The Out-of-Order Engines – Execution Units
Once operations enter the schedulers, they wait until the source operands are ready. Then the scheduler will dispatch the oldest instruction and operands to the appropriate functional unit. The integer functional units in Barcelona are mostly unchanged from the K8. The three integer ALUs in K8 and Barcelona can execute most instructions and are largely symmetric. The two exceptions are that only the first ALU has an integer multiplier, and the third is used for POPCOUNT and other similar instructions. Note that the forwarding network for Barcelona has been omitted because it is far too complex to display in an organized manner.

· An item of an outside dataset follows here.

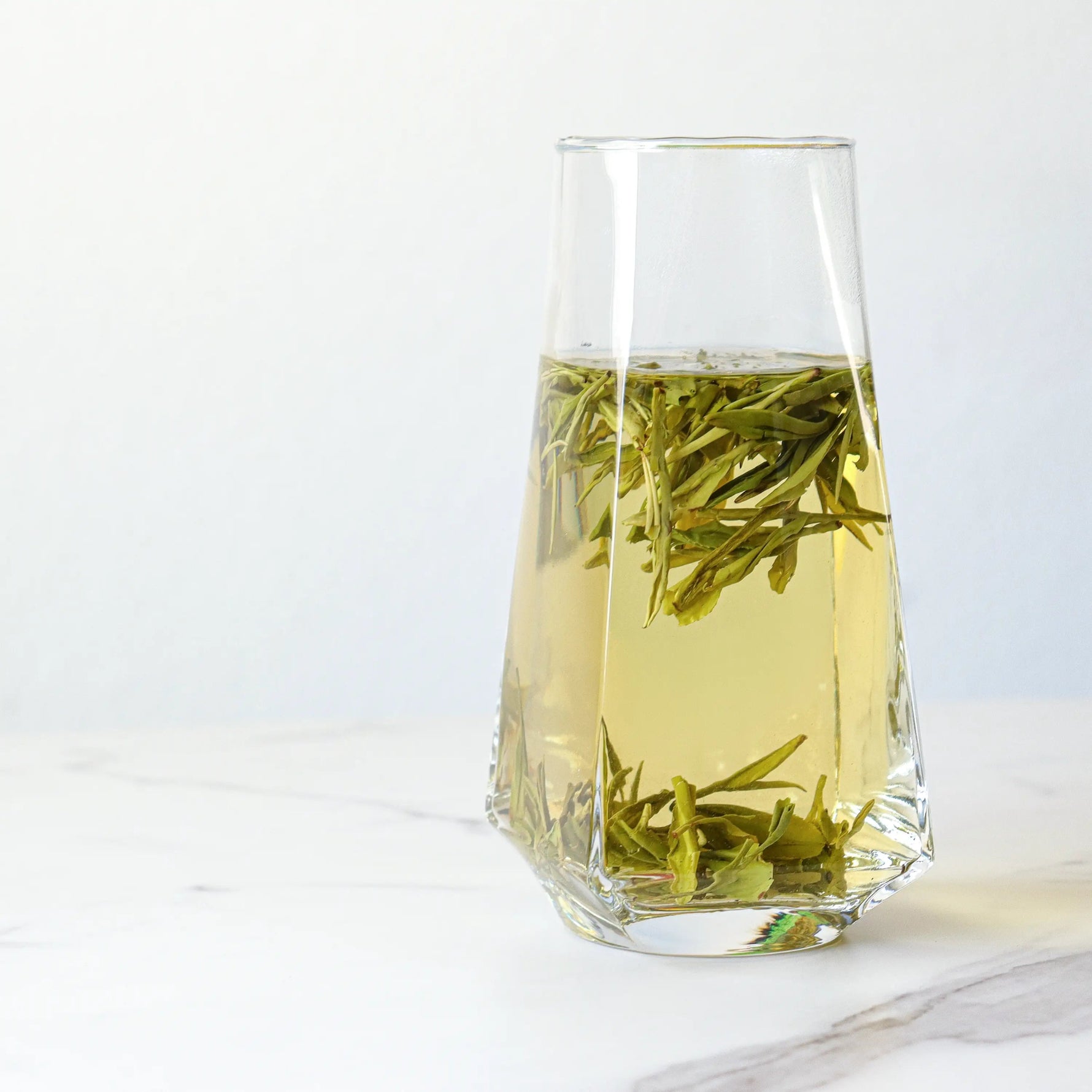 A clear glass of My Store Longjing Dragon Well Green Tea reveals light yellow-green liquid and floating leaves, sitting atop a white marble surface and highlighting its signature chestnut aroma in a minimal setting.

Figure 4 – Comparison of Execution Units
The first substantial change in Barcelona’s integer units is that integer division is now variable latency, depending on the operands. IDIV instructions are handled through an iterative algorithm. In the K8, each IDIV would go through a fixed number of iterations – regardless of how many were required to achieve the final result. 32 bit divides took 42 cycles, while a full 64 bit divide required 74 cycles to calculate. In contrast, Barcelona only iterates the minimum number of times to produce an accurate answer. The latency for Barcelona is generally 23 cycles, plus the number of significant bits in the absolute value of the dividend (unsigned divides are roughly 10 cycles faster). Additionally, the third ALU pipeline now handles the new LZCOUNT/POPCOUNT instructions.
The FPUs in Barcelona did change a bit. They were widened to 128 bits so that SSE instructions can execute in a single pass (previously they went through the 64 bit FPU twice, just as in Intel’s Pentium M). Similarly, the load-store units, and the FMISC unit now load 128 bit wide data, to improve SSE performance.

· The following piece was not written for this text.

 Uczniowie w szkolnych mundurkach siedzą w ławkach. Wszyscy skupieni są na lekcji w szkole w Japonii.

One important difference between AMD and Intel’s microarchitectures is that AMD has their address generation units (AGUs) separate from the load store units (LSUs). This is because, as we noted earlier, AMD’s micro-ops can contain a load, an operation and a store, so there must be at least as many AGUs as ALUs. In contrast, Intel uops totally decouple calculations from memory accesses, so the AGUs are integrated into the load and store pipelines. The difference in the underlying uops and micro-ops result in the different AGU arrangements.
Another distinction between the Barcelona and Core microarchitectures is that AMD’s ALUs are symmetric and can execute almost any integer instruction, while the ALUs for Core 2 are not symmetric and are slightly more restrictive. Each of the lanes must be nearly identical for AMD’s distributed schedulers and instruction grouping to work optimally. This is a clear architectural trade-off of performance and decreased control complexity versus power and increased execution complexity. Replicating three full featured ALUs uses more die area and power, but provides higher performance for certain corner cases, and enables a simpler design for the ROB and schedulers.